Workflow with Continuations
- Designation: Tools that require human approval are explicitly designated [00:12:37].
- Suspension: If an agent reaches a designated suspension point (e.g., needing human approval or another condition), it suspends execution [00:13:16] [00:15:12].
- Continuation Object Creation: A continuation object is created, encapsulating the agent’s current state. This object propagates back to the top-level agent, extracting core information for the application layer [00:15:19] [00:16:07] [00:21:03].
- Application Layer Interaction: The application layer receives the continuation object, inspects its metadata (e.g., reason for suspension), and presents it to the user for input or approval [00:13:24] [00:22:52].
- Resumption: Once the application layer updates the continuation object (e.g., with human approval), it sends the object back to the agent [00:14:06] [00:16:26]. The agent framework then uses the logic within the continuation object to reconstruct the agent’s state and resume execution from the point of suspension [00:14:12] [00:16:34].
Benefits of Agent Continuations
- Decoupled Agent Loops: A key benefit is that once a continuation object is created, the agent loops do not need to keep running [00:16:54]. They can be fully shut down, as the continuation object captures enough information to restart everything back to where it was [00:17:02]. This addresses the challenge of agent loop persistence and resource management [00:07:49].
- Seamless Human-in-the-Loop: Enables effective and natural integration of human approval steps for high-stakes actions within complex agent workflows [00:01:26] [00:13:51].

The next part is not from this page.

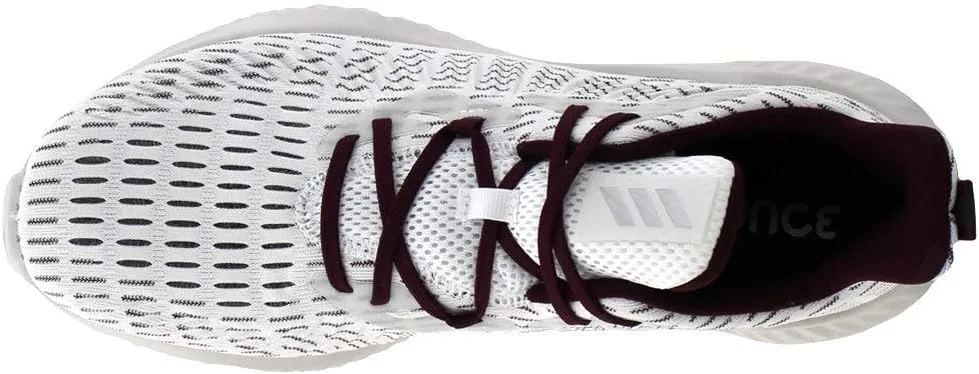 adidas Alphabounce Beyond m Running Shoe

- Enhanced Failure Resilience: Allows for checkpointing of agent state, meaning that if an agent encounters a failure, it can be resumed from the last saved state rather than restarting from the beginning, preventing loss of work [00:02:24] [00:05:42].
- Support for Complex Agent Architectures: The recursive nature of the continuation object natively supports multi-level agents and nested sub-agents, making it applicable to sophisticated multiagent systems [00:18:29].
- General Agent Suspension: Beyond human approval, the mechanism can be extended to support arbitrary suspension points, such as after a certain amount of time, a specific number of turns, or for asynchronous requests [00:24:29].
Prototype and Future Directions
A prototype implementation has been built on top of the OpenAI Python API, with no other dependencies [00:24:12]. The aim is not to develop a new, separate agent framework but to extend existing frameworks like LangChain or PyDantic AI to incorporate this functionality [00:24:50].
While other frameworks offer forms of state management, agent continuations are considered novel because they combine both a human approval mechanism and arbitrary nesting of complex agent states [00:25:03] [00:25:36]. This work emerged from Snaplogic’s Agent Creator research group, where continuations were prototyped in both Python and the visual agent building interface [00:19:48] [00:25:48].